__Requirement__
Each line from the one containing "2014 VOLKSWAGEN JETTA VIN: 3VW2K7AJ4EM290005" through the last line of the records is to be repeated exactly, with all pictures left out.

__Dataset entries__

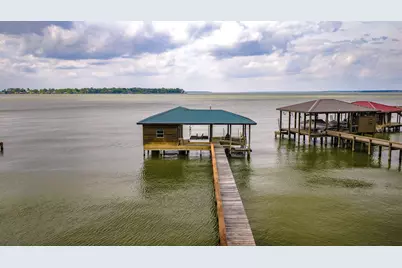 145 Island Drive, Livingston, TX 77351 - Photo 9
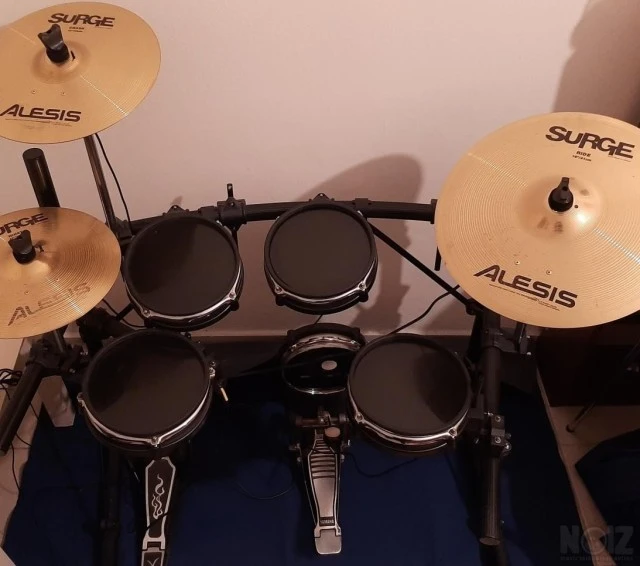 Alesis DM5 με Surge Cymbals
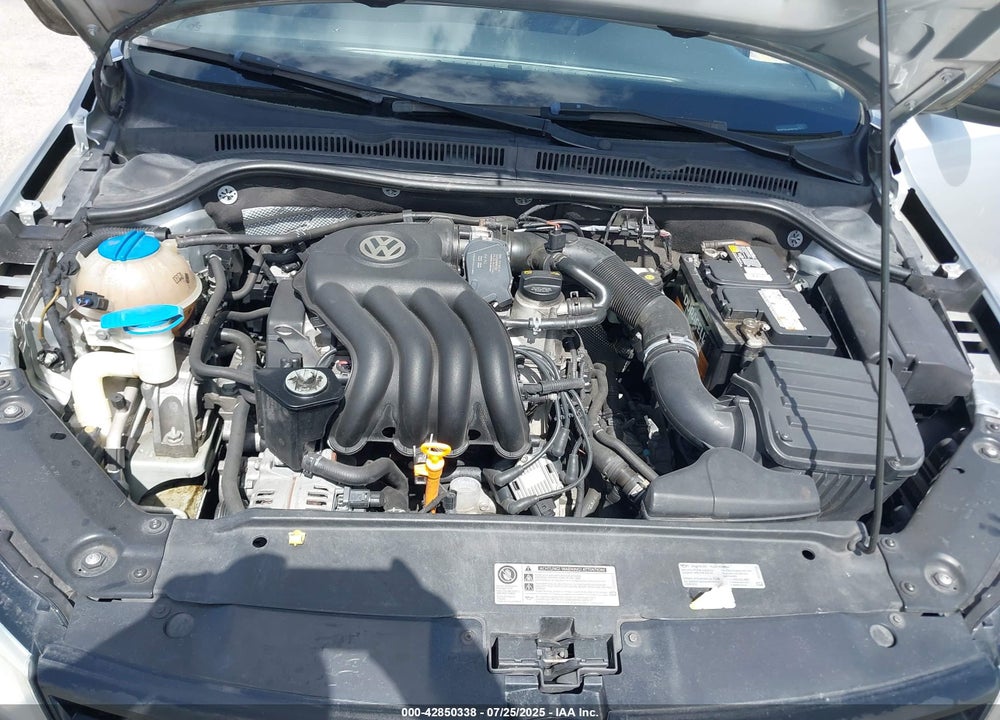 2014 VOLKSWAGEN JETTA VIN: 3VW2K7AJ4EM290005
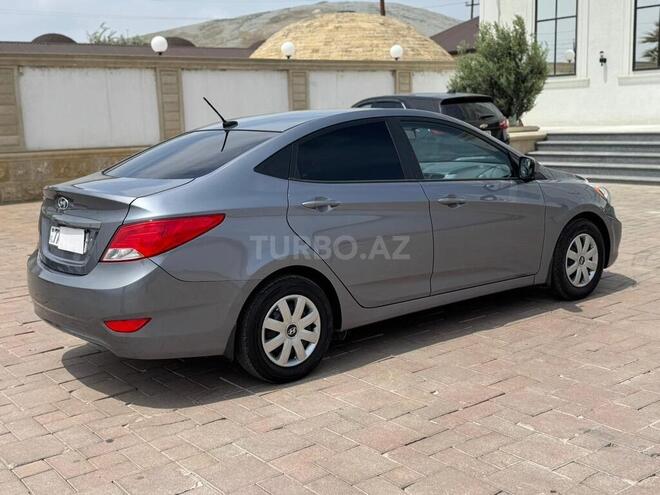 Hyundai Accent 2015, 172,200 km - 1.6 l - Bakı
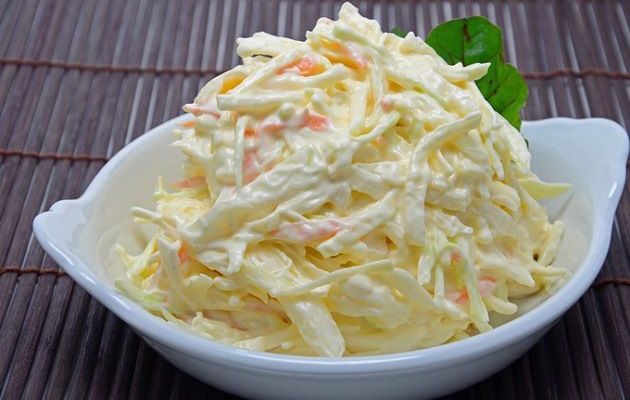 Salada de Repolho Cremoso Perfeita para Churrascos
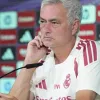Mourinho brinca com imprensa, reclama de cansa�o e provoca Barcelona e Atl�tico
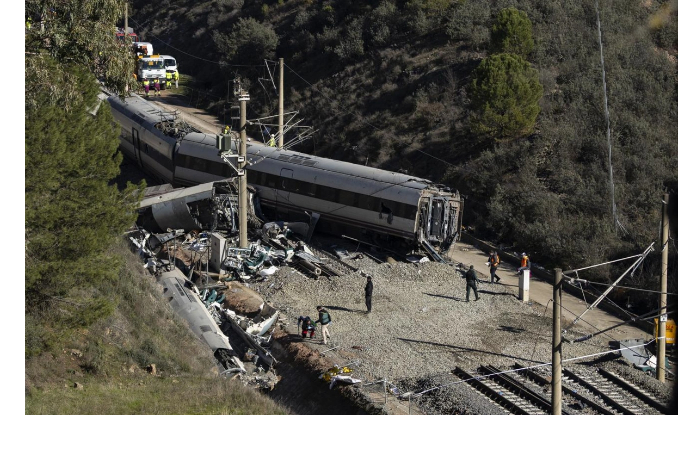 nazvana-predvaritelnaya-prichina-chp-s-poezdom-v-ispanii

__Response area__
 2014 VOLKSWAGEN JETTA VIN: 3VW2K7AJ4EM290005
 Hyundai Accent 2015, 172,200 km - 1.6 l - Bakı
 Salada de Repolho Cremoso Perfeita para Churrascos
Mourinho brinca com imprensa, reclama de cansa�o e provoca Barcelona e Atl�tico
 nazvana-predvaritelnaya-prichina-chp-s-poezdom-v-ispanii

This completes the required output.